Un día se dieron cuenta de que los trabajos de construcción del Tramo 4 taparían un camino angosto que, desde hace años, pasa por debajo del puente a Tesoco y es aledaña a la supercarretera Mérida-Cancún. Es su atajo para llegar a Temozón y evitar “una vuelta de una hora” en el periférico de Valladolid.


“Ahora la autopista no sólo será para los vehículos que vienen de Quintana Roo, si no también para el Tren, entonces pondrán muros de contención que no nos permitirán el paso”, explica Ramiro, molesto.


De acuerdo con la versión pública del Análisis Costo Beneficiodel megaproyecto, el trazo posibilita usar el derecho de vía ya liberado de la autopista 180D, y a su vez implica la utilización del cuerpo derecho de ésta (con dirección a Cancún) para el paso del ferrocarril.


Dicho cuerpo se está reponiendo con la ampliación del lado izquierdo de la autopista (con dirección a Mérida) y con dicha modificación continuaría siendo de cuatro carriles, dos por sentido. Esto provocará que no haya faja separadora central, más bien los sentidos se dividirán con barreras tipo New Jersey.


“Cuando hay una emergencia de salud salimos por eso camino blanco para la autopista, yendo como para la comisaría de Tepakán y de ahí buscamos el entronque para Temozón. Por culpa del Tren nos taparán el camino, vamos a tener que rodear y lo que hacíamos en 20 minutos de viaje aproximadamente, lo tendremos que hacer en una hora”, explicó Juan.

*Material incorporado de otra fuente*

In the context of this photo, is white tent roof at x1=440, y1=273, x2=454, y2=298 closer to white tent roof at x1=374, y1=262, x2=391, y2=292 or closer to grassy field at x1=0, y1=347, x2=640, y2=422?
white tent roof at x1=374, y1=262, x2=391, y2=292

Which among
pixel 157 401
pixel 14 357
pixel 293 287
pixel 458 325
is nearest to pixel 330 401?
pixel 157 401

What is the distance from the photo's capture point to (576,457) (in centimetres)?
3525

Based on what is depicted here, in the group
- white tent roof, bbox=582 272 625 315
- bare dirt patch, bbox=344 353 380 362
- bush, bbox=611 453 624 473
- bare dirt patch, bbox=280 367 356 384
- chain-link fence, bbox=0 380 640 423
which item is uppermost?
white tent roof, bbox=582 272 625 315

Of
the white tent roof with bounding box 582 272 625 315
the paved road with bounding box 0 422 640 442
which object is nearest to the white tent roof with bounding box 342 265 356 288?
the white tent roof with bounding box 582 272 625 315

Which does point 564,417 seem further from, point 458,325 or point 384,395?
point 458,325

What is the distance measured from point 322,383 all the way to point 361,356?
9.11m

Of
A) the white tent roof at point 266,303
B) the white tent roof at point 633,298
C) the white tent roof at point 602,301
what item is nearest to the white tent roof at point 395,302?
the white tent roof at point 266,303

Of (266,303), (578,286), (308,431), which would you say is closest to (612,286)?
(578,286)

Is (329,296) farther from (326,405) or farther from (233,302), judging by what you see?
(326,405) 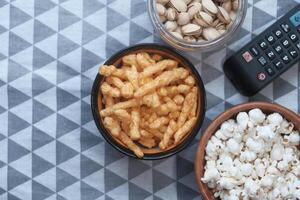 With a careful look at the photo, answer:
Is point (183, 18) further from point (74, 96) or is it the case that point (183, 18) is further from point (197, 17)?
point (74, 96)

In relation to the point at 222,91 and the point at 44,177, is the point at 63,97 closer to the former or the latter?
the point at 44,177

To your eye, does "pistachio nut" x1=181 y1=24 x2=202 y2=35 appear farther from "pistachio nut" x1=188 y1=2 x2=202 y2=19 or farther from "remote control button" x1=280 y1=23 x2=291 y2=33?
"remote control button" x1=280 y1=23 x2=291 y2=33

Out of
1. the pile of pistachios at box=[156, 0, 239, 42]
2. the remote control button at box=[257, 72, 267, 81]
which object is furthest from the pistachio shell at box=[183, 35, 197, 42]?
the remote control button at box=[257, 72, 267, 81]

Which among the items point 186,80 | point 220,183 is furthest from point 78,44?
point 220,183

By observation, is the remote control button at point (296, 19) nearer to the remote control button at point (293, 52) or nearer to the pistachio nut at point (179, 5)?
the remote control button at point (293, 52)

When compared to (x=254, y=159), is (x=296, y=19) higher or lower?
higher

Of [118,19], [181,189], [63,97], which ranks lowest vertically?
[181,189]

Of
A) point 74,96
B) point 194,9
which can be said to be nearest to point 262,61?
point 194,9
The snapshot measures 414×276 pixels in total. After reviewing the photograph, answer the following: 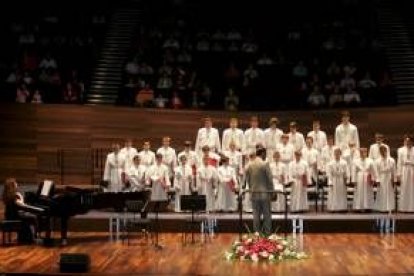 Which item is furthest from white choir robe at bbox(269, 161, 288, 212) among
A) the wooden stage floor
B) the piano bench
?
the piano bench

Los dos pobladores se dedican a la albañilería, pero nunca fueron a pedir trabajo en el tramo que se edifica en el oriente de Yucatán, pues no se pueden dar el lujo de laborar una semana sin sueldo.

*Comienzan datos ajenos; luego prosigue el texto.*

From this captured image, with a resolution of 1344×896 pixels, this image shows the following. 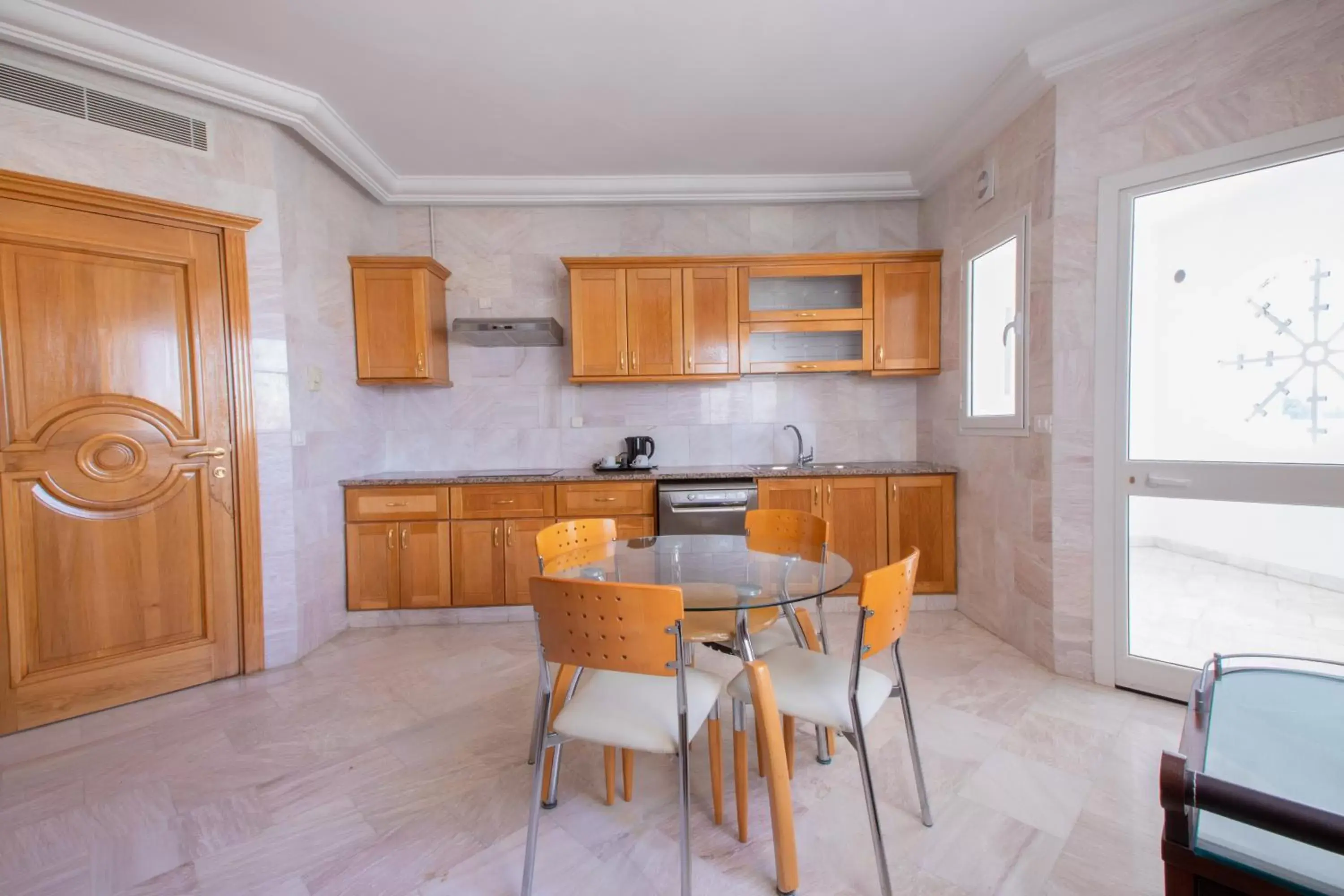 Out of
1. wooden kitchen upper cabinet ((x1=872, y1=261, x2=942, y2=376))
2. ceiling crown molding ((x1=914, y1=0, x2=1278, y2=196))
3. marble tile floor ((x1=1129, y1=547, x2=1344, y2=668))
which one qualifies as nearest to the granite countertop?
wooden kitchen upper cabinet ((x1=872, y1=261, x2=942, y2=376))

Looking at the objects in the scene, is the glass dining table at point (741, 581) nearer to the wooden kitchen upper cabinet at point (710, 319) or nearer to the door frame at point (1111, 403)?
the door frame at point (1111, 403)

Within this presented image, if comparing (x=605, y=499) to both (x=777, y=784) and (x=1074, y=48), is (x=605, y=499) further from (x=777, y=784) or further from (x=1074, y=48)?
(x=1074, y=48)

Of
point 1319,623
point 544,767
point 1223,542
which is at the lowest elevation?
point 544,767

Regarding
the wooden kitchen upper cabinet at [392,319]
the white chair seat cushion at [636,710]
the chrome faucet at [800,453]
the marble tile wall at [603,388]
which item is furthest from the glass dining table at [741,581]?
the wooden kitchen upper cabinet at [392,319]

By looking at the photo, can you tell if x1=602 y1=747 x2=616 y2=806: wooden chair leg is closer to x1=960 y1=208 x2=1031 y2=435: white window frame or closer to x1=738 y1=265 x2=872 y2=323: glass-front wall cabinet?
x1=960 y1=208 x2=1031 y2=435: white window frame

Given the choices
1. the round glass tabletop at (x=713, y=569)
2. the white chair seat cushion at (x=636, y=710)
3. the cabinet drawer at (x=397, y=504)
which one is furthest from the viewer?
the cabinet drawer at (x=397, y=504)

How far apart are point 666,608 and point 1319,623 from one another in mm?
2601

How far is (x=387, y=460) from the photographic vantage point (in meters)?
3.86

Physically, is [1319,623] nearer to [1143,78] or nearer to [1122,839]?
[1122,839]

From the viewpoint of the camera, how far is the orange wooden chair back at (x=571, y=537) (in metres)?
2.10

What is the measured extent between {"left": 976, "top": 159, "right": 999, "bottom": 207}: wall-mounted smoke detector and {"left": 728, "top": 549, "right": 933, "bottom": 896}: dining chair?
8.46 ft

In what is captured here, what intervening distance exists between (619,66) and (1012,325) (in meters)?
2.49

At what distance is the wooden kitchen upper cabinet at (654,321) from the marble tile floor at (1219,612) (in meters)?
2.72

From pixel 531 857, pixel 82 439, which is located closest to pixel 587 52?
pixel 82 439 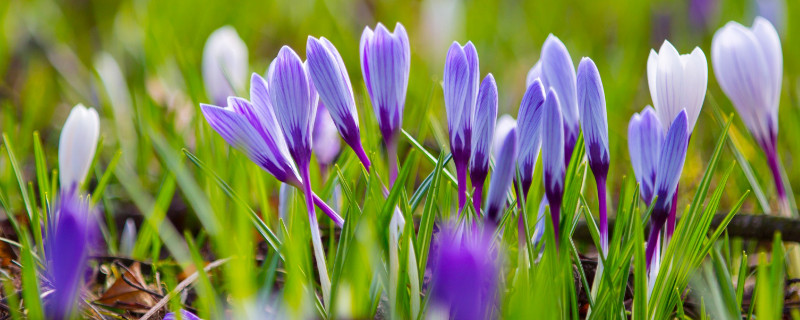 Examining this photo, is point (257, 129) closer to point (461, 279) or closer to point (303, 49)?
point (461, 279)

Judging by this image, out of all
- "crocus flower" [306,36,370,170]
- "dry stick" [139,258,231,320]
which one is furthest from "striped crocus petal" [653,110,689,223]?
"dry stick" [139,258,231,320]

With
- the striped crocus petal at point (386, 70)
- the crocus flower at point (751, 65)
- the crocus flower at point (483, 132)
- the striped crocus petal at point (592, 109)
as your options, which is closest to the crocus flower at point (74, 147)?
the striped crocus petal at point (386, 70)

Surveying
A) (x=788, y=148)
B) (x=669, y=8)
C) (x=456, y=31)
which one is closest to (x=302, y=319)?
(x=788, y=148)

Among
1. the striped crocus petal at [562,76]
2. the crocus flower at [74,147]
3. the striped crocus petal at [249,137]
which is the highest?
the striped crocus petal at [562,76]

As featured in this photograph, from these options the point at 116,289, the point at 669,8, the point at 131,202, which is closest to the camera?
the point at 116,289

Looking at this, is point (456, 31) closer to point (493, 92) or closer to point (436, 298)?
point (493, 92)

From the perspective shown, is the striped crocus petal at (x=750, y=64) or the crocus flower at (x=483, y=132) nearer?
the crocus flower at (x=483, y=132)

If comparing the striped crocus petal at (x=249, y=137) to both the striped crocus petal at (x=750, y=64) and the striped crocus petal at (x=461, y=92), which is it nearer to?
the striped crocus petal at (x=461, y=92) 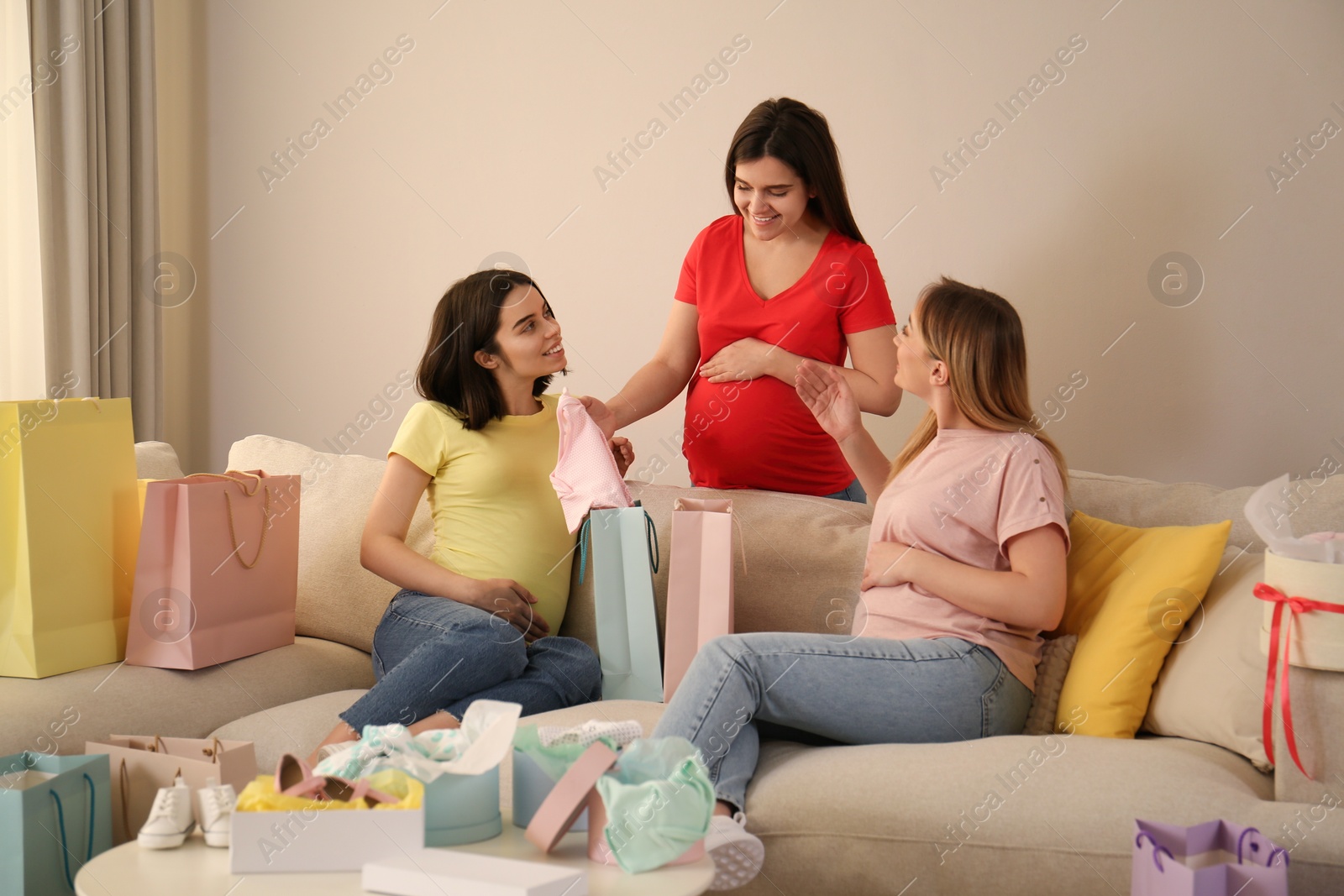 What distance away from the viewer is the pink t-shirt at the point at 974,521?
1.64m

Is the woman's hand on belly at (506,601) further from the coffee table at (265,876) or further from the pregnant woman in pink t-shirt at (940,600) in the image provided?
the coffee table at (265,876)

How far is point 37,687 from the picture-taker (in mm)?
1759

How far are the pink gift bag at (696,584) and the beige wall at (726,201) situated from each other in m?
0.85

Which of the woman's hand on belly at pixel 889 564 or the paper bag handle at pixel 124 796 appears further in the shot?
the woman's hand on belly at pixel 889 564

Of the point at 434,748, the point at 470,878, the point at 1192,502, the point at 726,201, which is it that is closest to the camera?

“Los de ICA abrieron una oficina en (la cabecera de) Valladolid y mi hermano fue hasta ahí para pedir trabajo. Entregó papeles y hasta dio una cuota de 50 pesos, pero nunca le hablaron. Mucha gente se inscribió y no a todos contrataron. ¿Te imaginas cuánto dinero hicieron con las cuotas? Eso fue un robo”, se quejó Juan.

Aunque su hermano y otros amigos intentaron convencerlo para solicitar empleo para la obra del Tren Maya, todos en el pueblo le recordaron que la empresa los obligaba a “trabajar gratis” una semana. No saben si se trata de una prueba para constatar si aguantarán las jornadas extremas, o simplemente a los “patrones” no les importa la situación de pobreza en la que viven, la cual no les permite esperar 15 días para cobrar por primera vez.


Por tal razón, la opción de sobrevivencia para la gran mayoría de los habitantes de Tahmuy y de otros pueblos de la zona oriente de Yucatán es migrar a la Riviera Maya de Quintana Roo para trabajar de lo que sea.


“El problema con los muros de contención es que no sabemos cómo o dónde vamos a pedirle parada a los autobuses que van para Cancún. Antes sólo teníamos que pararnos a un lado de la carretera a esperar y ahora creo vamos a tener que viajar hasta la cabecera y vamos a gastar más en transporte”, señaló Juan.


*A petición de algunos entrevistados, sus nombres fueron cambiados para evitar represalias.